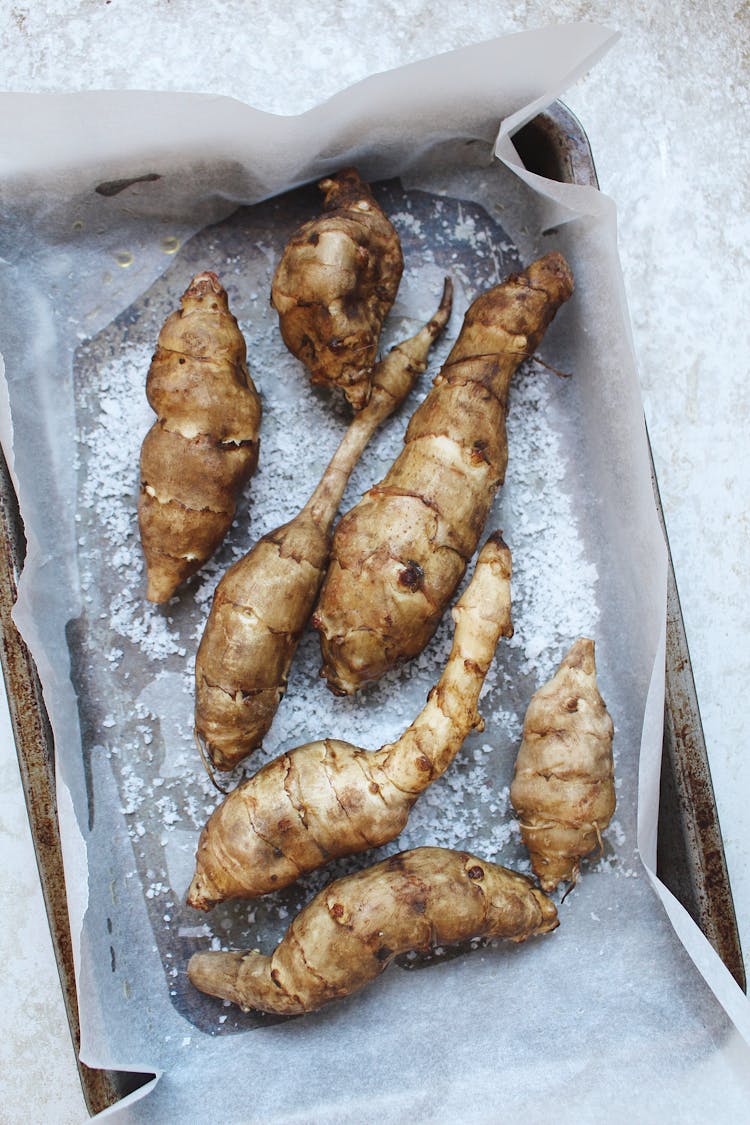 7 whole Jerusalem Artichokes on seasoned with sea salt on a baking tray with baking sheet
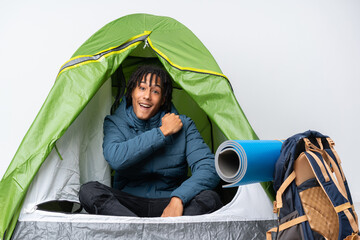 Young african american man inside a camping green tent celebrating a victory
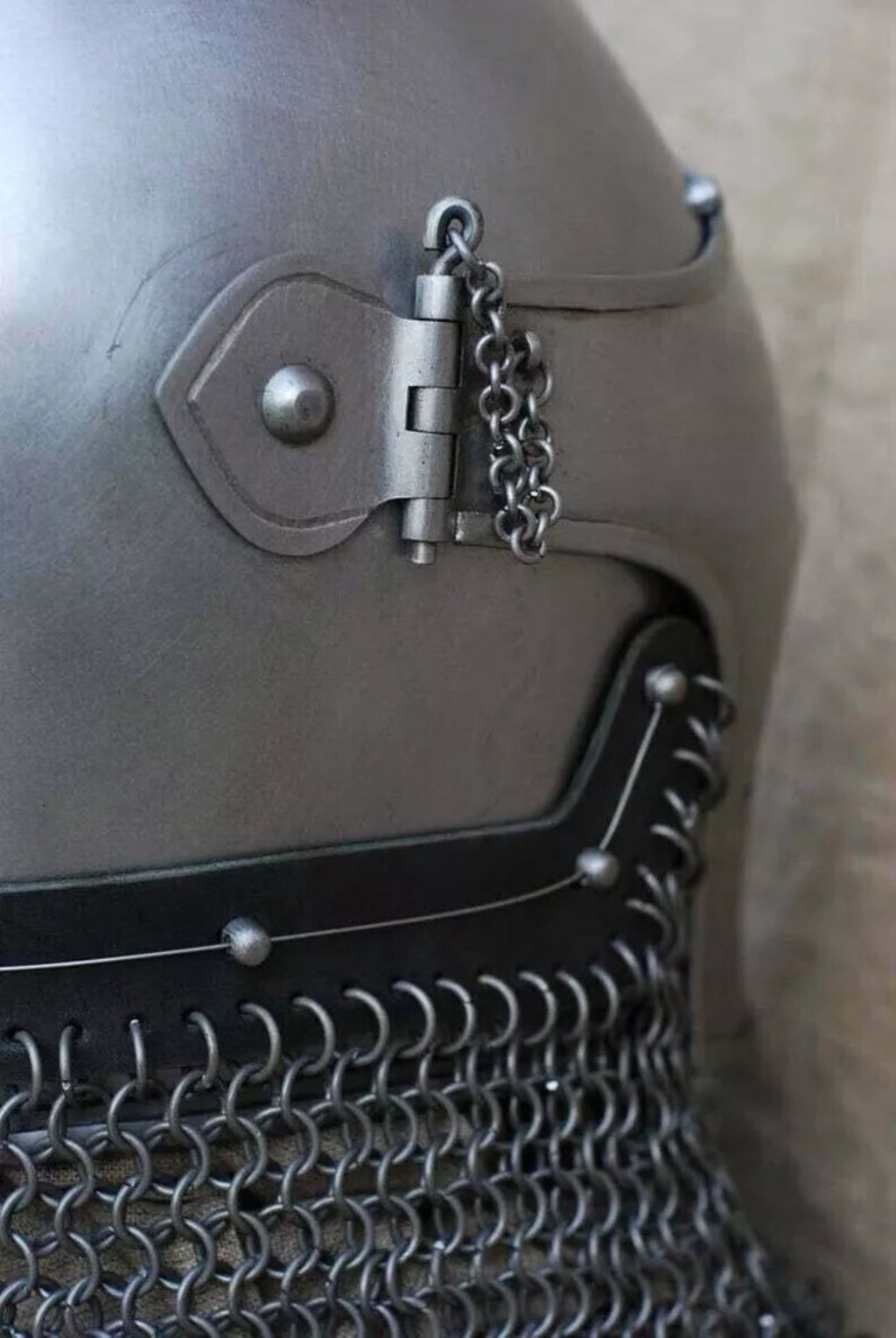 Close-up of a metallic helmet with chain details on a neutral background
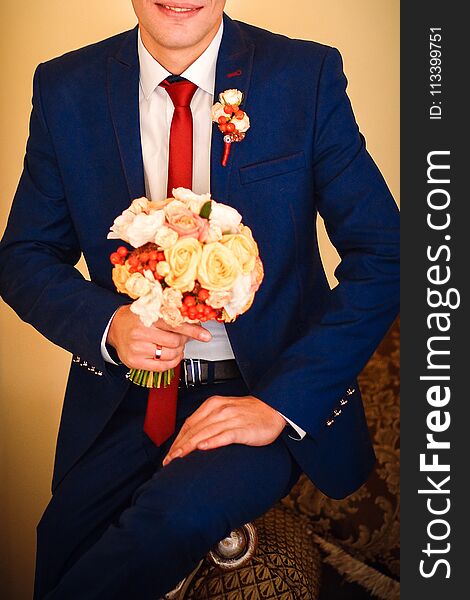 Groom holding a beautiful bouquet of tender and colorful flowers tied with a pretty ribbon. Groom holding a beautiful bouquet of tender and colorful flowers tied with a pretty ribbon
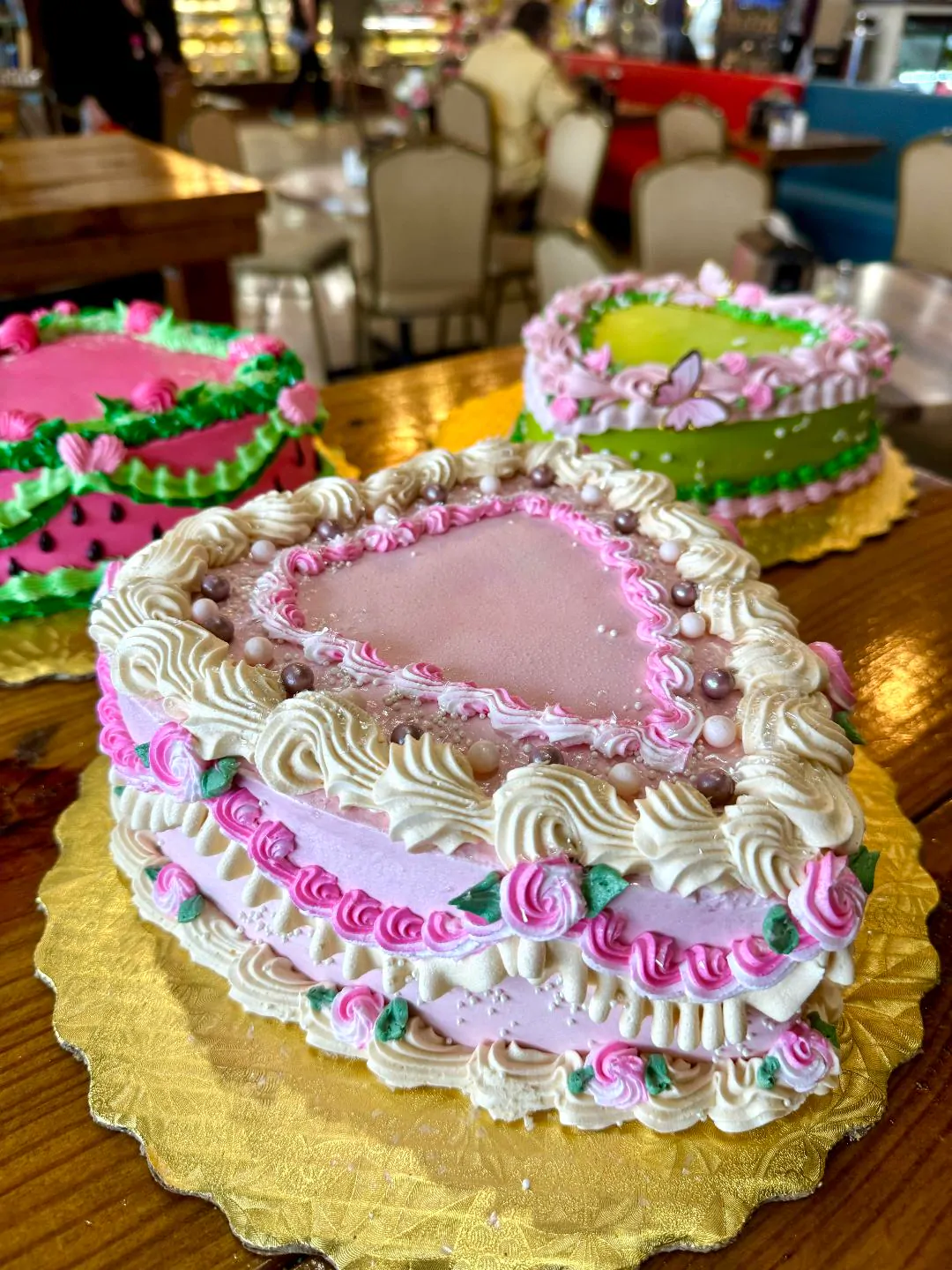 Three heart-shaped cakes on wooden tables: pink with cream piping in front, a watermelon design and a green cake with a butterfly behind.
::::::::
→ Assignment: Restate all the material verbatim; omit every picture.

→ Your solution:
 7 whole Jerusalem Artichokes on seasoned with sea salt on a baking tray with baking sheet
 Young african american man inside a camping green tent celebrating a victory
 Close-up of a metallic helmet with chain details on a neutral background
 Groom holding a beautiful bouquet of tender and colorful flowers tied with a pretty ribbon. Groom holding a beautiful bouquet of tender and colorful flowers tied with a pretty ribbon
 Three heart-shaped cakes on wooden tables: pink with cream piping in front, a watermelon design and a green cake with a butterfly behind.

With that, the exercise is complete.